An féidir le plandaí cógais a athsholáthar?
The risks involved in taking certain medications are prompting more and more people to turn to herbal medicine, or herbal care. Medicinal plants have been used since the dawn of time, but can they now replace the drugs we are used to?

The healing power of plants

Unlike conventional drugs that seek to isolate molecules, plants represent a set of substances that work in synergy, and it is precisely this addition of substances that is at the origin of their many properties. Artichoke (cynara scolymus) is the most classic example with the association of 4 molecules (aigéad citreach, malique, succinic et cynaropicrine) which, taken in isolation, are not very active, but their synergy has a strong pharmacological effect on the liver and biliary function.

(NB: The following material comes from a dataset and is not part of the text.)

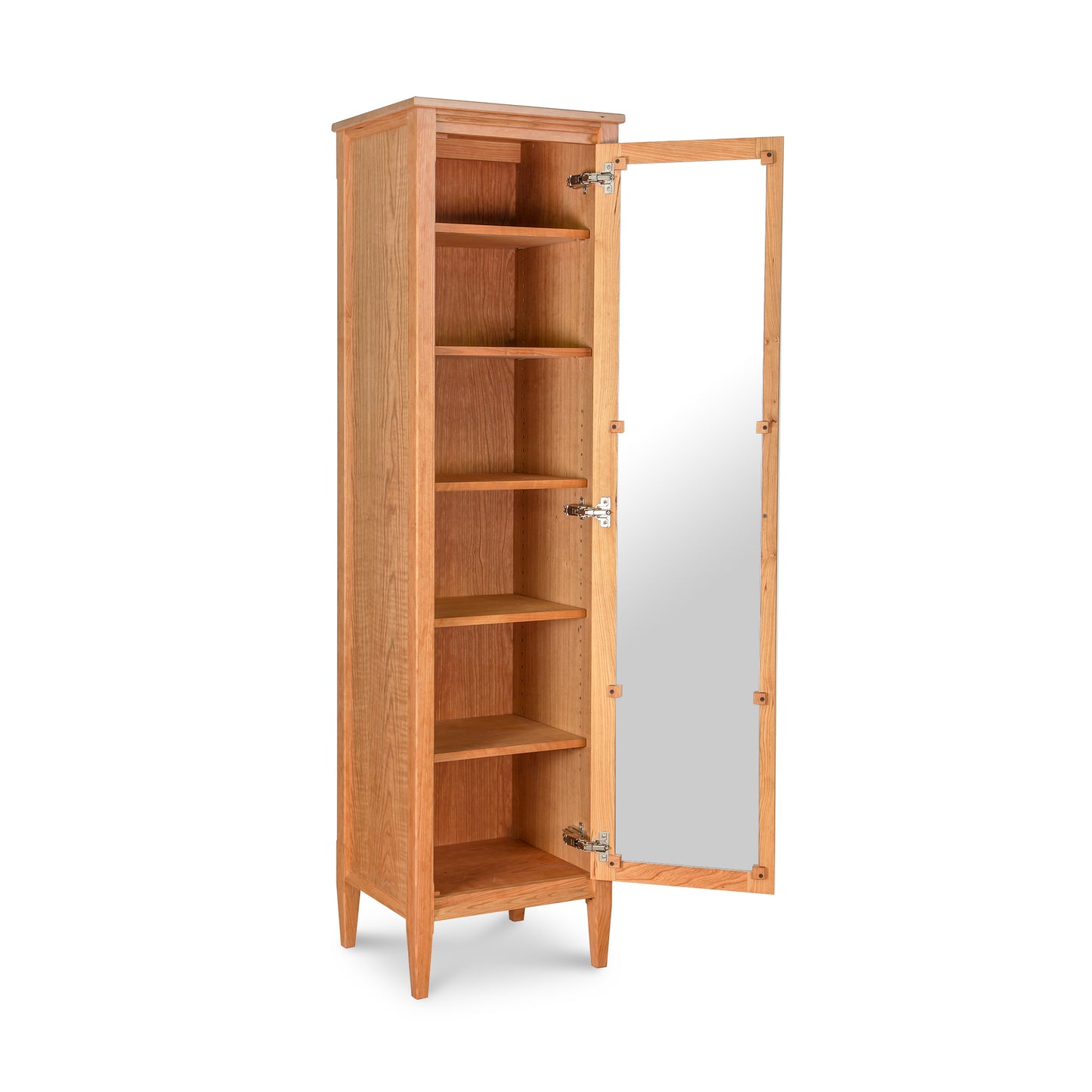 A solid wood bookcase resembling a Maple Corner Woodworks Vermont Shaker Narrow Bookcase with Mirror, with an open door, revealing four empty shelves, isolated on a white background.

We could go so far as to say that plants are made to heal us since certain plant molecules have a natural affinity with the receptors in our cells. For example, morphine from poppy (papaver somniferum) binds to the so-called morphine receptors of the central nervous system. The active ingredients of valerian (valeriana officinalis) and passionflower (passionflower incarnate) combine with brain receptors for benzodiazepines, tranquilizer molecules. In this sense, when used well and adapted to our needs, plants represent real medicines.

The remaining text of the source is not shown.